Raconter la vie de Johnny Hallyday, c’est remonter à son enfance, à son désir de vivre, à son insatisfaction profonde, c’est aborder la complexité du chanteur mort il n’y a pas tout à fait un an. Il y a beaucoup d’amitiés dans ce récit. De la tendresse et aussi un point de vue qui ne laisse pas passer les faiblesses de l’homme. Trop amoureux, incapable d’aimer vraiment ? Johnny Hallyday, le séducteur, comme pour conjurer le sort de ne pas l’avoir été par ses parents. La thèse est simple, la vie de Johnny ne l’est pas.

En décembre dernier, j’avais écrit un blog le lendemain des obsèques de La Madeleine.

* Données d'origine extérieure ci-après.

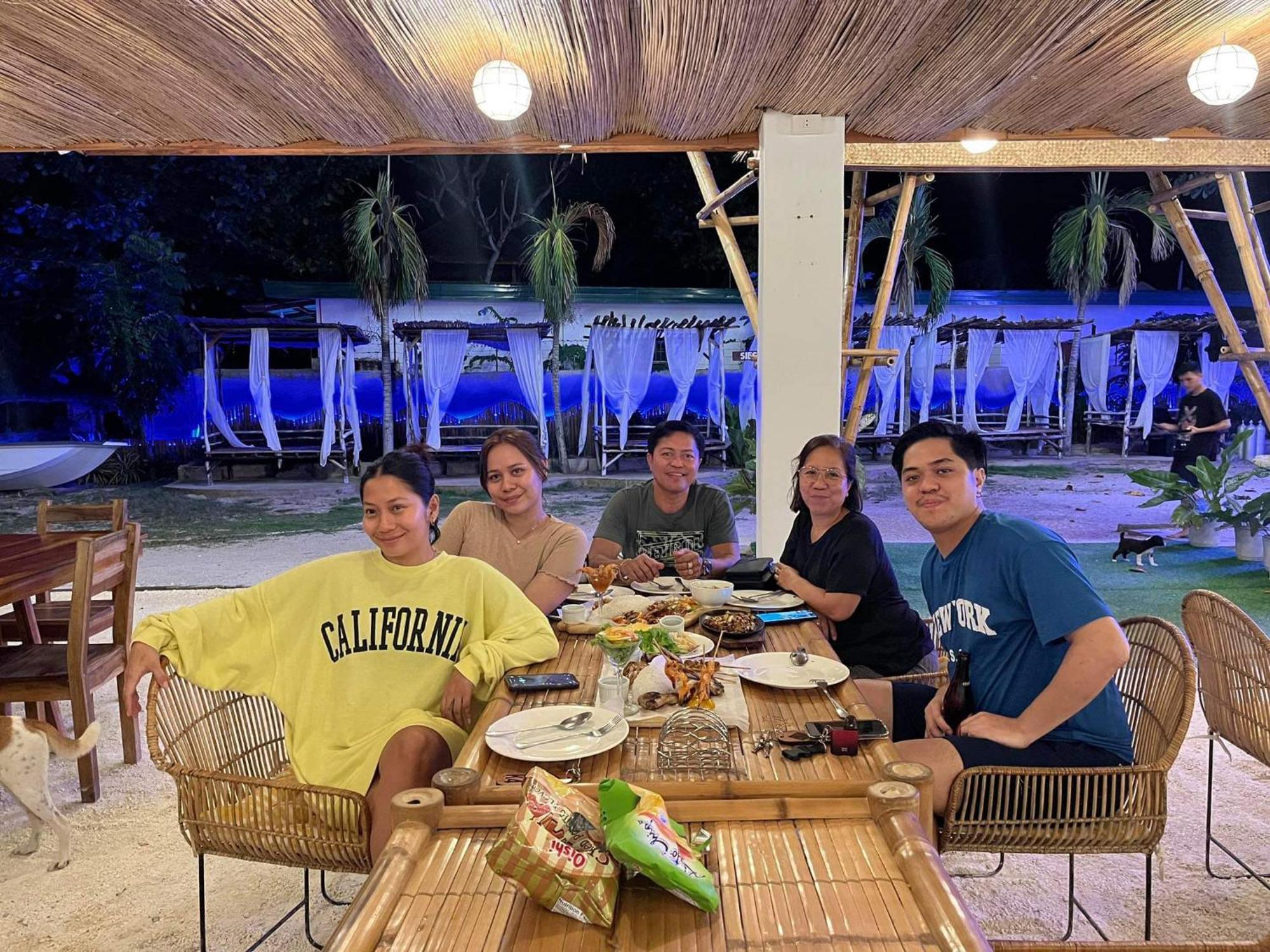 On Board Panglao Beach Hostel & Resort ダオ エクステリア 写真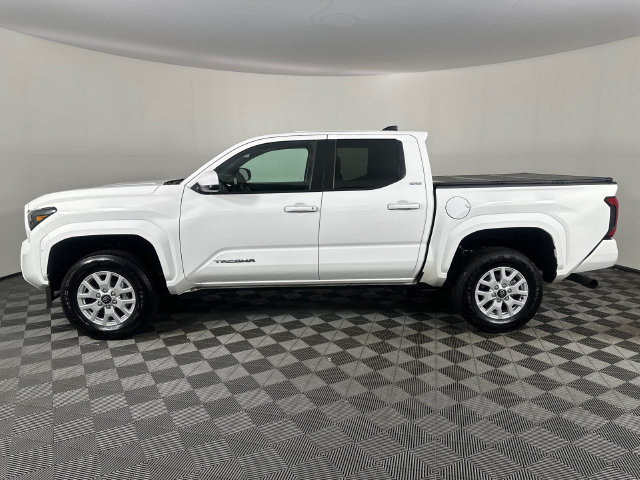 Used 2025 Toyota Tacoma SR5 AWD/4WD image 26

Surpris comme beaucoup par l’ampleur de l’hommage et par la peine de la foule qui se pressait sur les Champs-Elysées et rue Royale…mais plus encore par ce qui semblait alors dépasser l’hommage et la peine : au Jour des larmes de Johnny s’ajoute maintenant celles d’une vie.

Un silence étonnant

Cela s’est passé ce samedi 9 décembre alors qu’un corbillard abordait l’entrée de la rue Royale, il devait être près de 13 heures.  Je changeais de chaîne parce que sur celle sur laquelle je regardais la cérémonie, les journalistes  ne cessaient de dire  « quel silence, c’est incroyable », et évidement on ne pouvait l’entendre, ce silence.  Oui, près d’un million de personnes ne chantaient plus, ne dansaient plus. Un respect « religieux » s’était emparé de la foule, un respect qui durera tout au long des heures qui suivront. Lenteur des gestes, des rituels. Même les 4 guitaristes à l’intérieur de l’église de La Madeleine auront une forme ritualisée des morceaux qu’ils déclineront au fur et à mesure que Carole Bouquet, au moment de la Prière universelle, terminera chaque prière par Prions et qu’ils s’empareront de la résonance qui fera envoler la prière.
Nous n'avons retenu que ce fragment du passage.